## Task brief
Below are the records; copy exactly the stretch from the line containing "rosra sat: 07. Haljina za punije" through the line containing "KM obojstranná zrovnavačka so zuby 56cm", both ends included, and nothing else.

## Material provided
· · · · · · ·
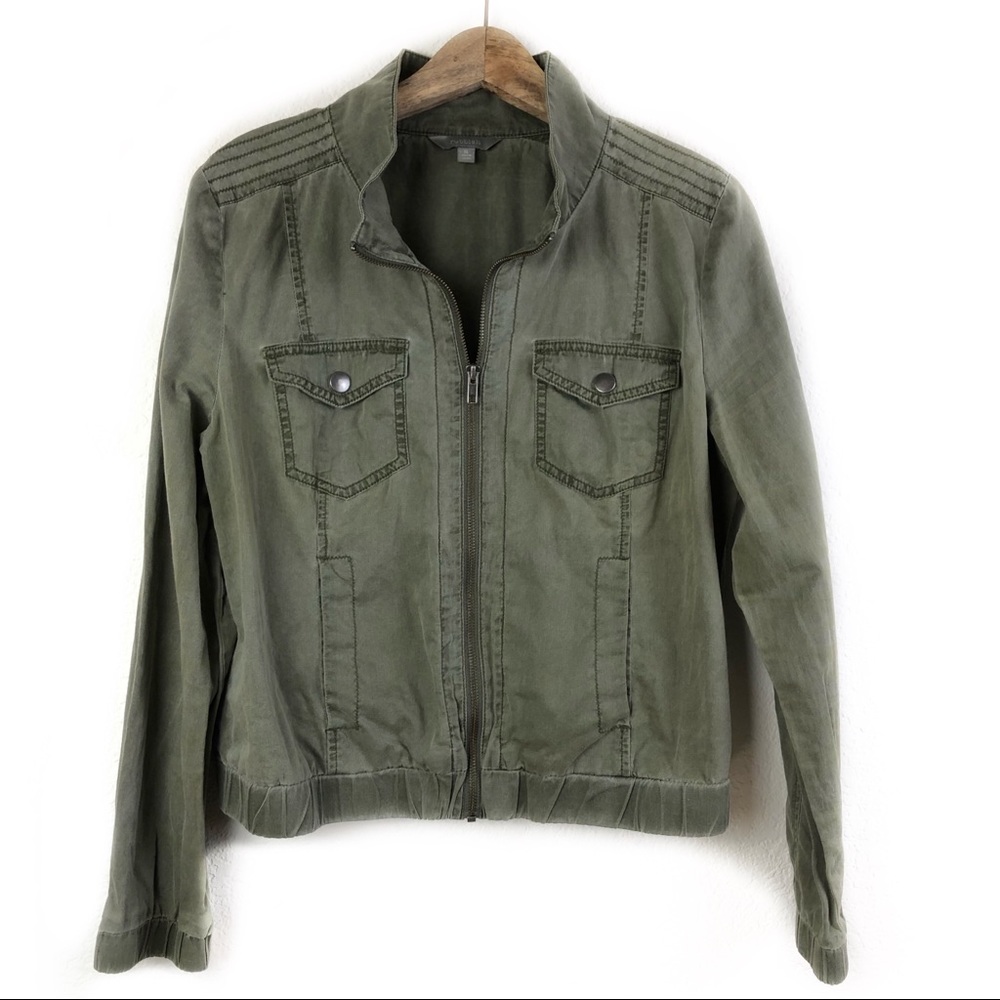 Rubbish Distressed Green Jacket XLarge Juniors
· · · · · · ·
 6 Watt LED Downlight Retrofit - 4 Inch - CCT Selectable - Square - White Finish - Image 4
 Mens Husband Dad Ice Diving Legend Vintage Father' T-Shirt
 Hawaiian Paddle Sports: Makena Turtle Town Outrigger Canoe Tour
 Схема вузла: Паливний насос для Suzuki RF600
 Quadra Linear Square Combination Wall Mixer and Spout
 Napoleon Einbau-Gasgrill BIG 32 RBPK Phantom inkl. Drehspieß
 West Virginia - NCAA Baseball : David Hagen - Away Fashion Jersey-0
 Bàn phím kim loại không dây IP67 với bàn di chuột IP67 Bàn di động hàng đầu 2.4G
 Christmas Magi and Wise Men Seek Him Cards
· · · · · · ·
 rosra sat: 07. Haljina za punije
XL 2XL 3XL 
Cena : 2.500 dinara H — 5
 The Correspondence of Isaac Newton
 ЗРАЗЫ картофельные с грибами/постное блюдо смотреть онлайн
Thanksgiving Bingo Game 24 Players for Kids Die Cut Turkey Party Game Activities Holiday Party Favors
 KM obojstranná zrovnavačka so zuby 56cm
· · · · · · ·
## Solution to this task
 rosra sat: 07. Haljina za punije
XL 2XL 3XL 
Cena : 2.500 dinara H — 5
 The Correspondence of Isaac Newton
 ЗРАЗЫ картофельные с грибами/постное блюдо смотреть онлайн
Thanksgiving Bingo Game 24 Players for Kids Die Cut Turkey Party Game Activities Holiday Party Favors
 KM obojstranná zrovnavačka so zuby 56cm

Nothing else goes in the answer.